10.5 Compile Time and Run Time
Notice that pfsh so far has two parts:
the compile-time part that is about dealing with the syntax of the language, here implemented by the pfsh:run macro in "pfsh0.rkt"; and
the run-time part that is called by generated code, here implemented by the run function in "run.rkt".
Although we happen to have implemented the two parts in different modules, they don’t have to be different. We could just as well have put the run function’s implementation directly in "pfsh0.rkt":
"pfsh0-alt.rkt"
#lang racket (require (for-syntax syntax/parse)) (provide #%module-begin (rename-out [pfsh:run run])) (define-syntax (pfsh:run stx) (syntax-parse stx [(_ prog:id arg:id ...) #'(void (run (symbol->string 'prog) (symbol->string 'arg) ...))])) (define (run prog . args) (apply system* (find-program prog) args)) (define (find-program str) (or (find-executable-path str) (error 'pfsh "could not find program: ~a" str)))

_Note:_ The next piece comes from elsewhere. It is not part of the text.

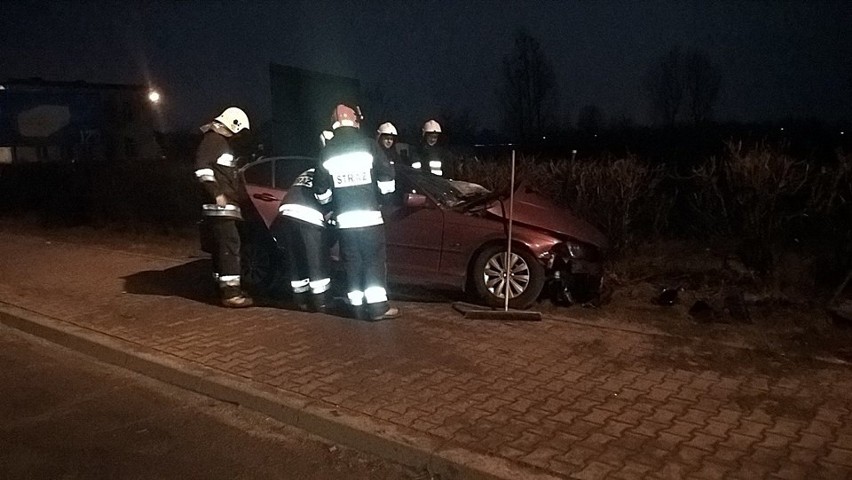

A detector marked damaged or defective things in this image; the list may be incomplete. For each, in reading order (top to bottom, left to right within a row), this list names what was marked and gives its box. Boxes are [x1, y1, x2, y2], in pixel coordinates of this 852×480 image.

crashed red car [230, 156, 608, 310]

At this point, it’s worth double-checking that we have appropriately sorted computation in the compile and run phases. Generally, it’s better to perform a computation at compile time instead of run time, if possible. In this case, the pfsh:run macro generates symbol->string expressions to convert symbols to strings at run time,It’s a good idea to let the compiler optimize away computations when it can. Unfortunately, symbol->string is defined to generate a fresh mutable string every time it’s called, and the compiler cannot tell that the freshness is unnecessary here, so it won’t optimize the symbol->string calls to literal strings. but that conversion could be performed at compile time, instead. Let’s improve pfsh:run to perform that work at compile time.
The most obvious way to move the computation is to immediately escape back to compile time in the result template for pfsh:run:
"pfsh1a.rkt"
#lang racket (require "run.rkt" (for-syntax syntax/parse)) (provide #%module-begin (rename-out [pfsh:run run])) (define-syntax (pfsh:run stx) (syntax-parse stx [(_ prog:id arg:id ...) #`(void (run #,(symbol->string (syntax-e #'prog)) #,@(map symbol->string (map syntax-e (syntax->list #'(arg ...))))))]))

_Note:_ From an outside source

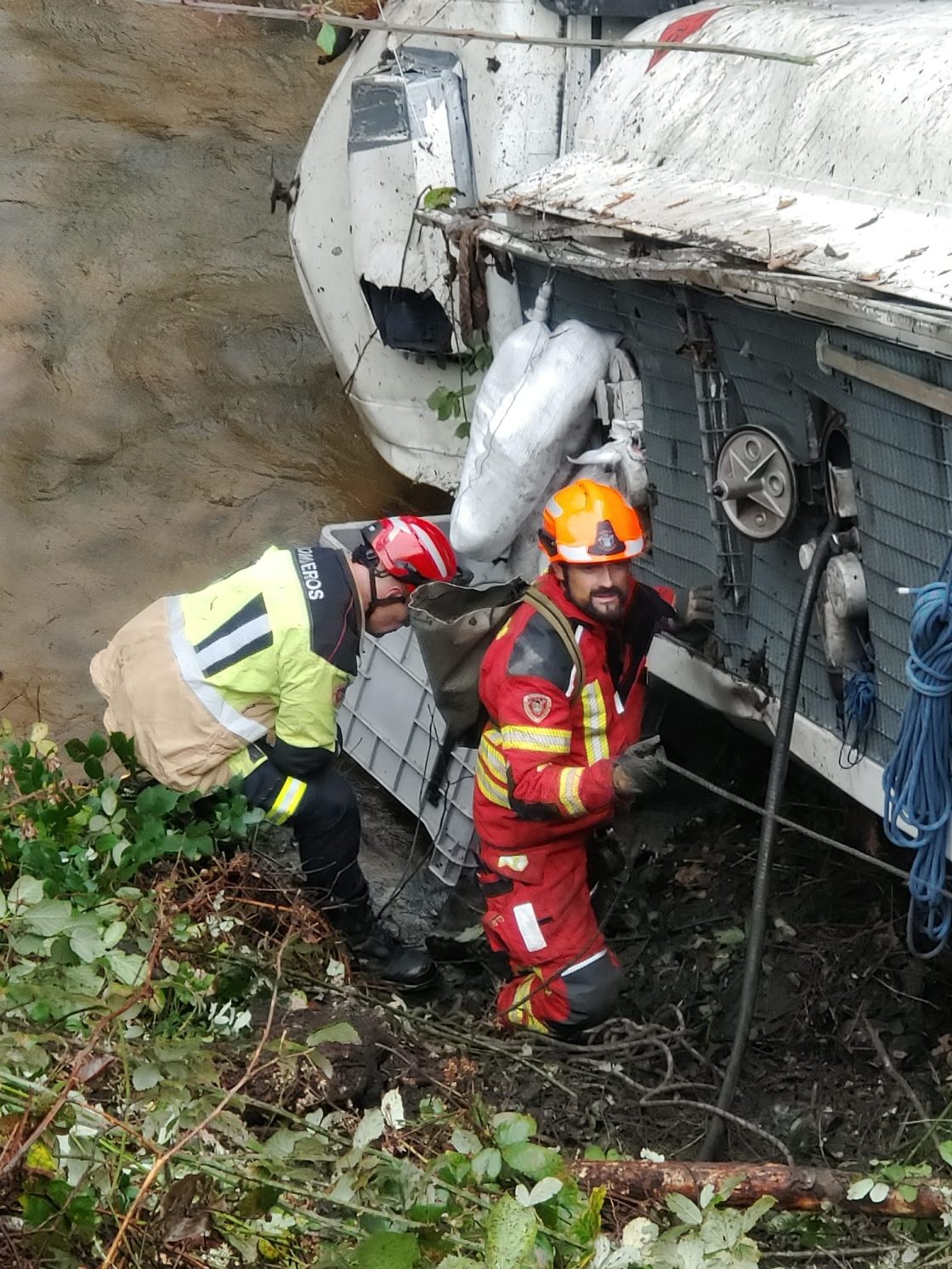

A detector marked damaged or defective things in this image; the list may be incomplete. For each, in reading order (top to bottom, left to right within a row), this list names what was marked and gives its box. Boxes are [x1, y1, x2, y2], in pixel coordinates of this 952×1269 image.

Alternatively, we can stay within the template language in pfsh:run and defer the compile-time escape to a helper macro:
#lang racket (require "run.rkt" (for-syntax syntax/parse)) (provide #%module-begin (rename-out [pfsh:run run])) (define-syntax (pfsh:run stx) (syntax-parse stx [(_ prog:id arg:id ...) #`(void (run (as-string prog) (as-string arg) ...))])) (define-syntax (as-string stx) (syntax-parse stx [(_ sym:id) #`#,(symbol->string (syntax-e #'sym))]))
10.6 More Language Variations
Let’s continue implementing pfsh by solving the following problem.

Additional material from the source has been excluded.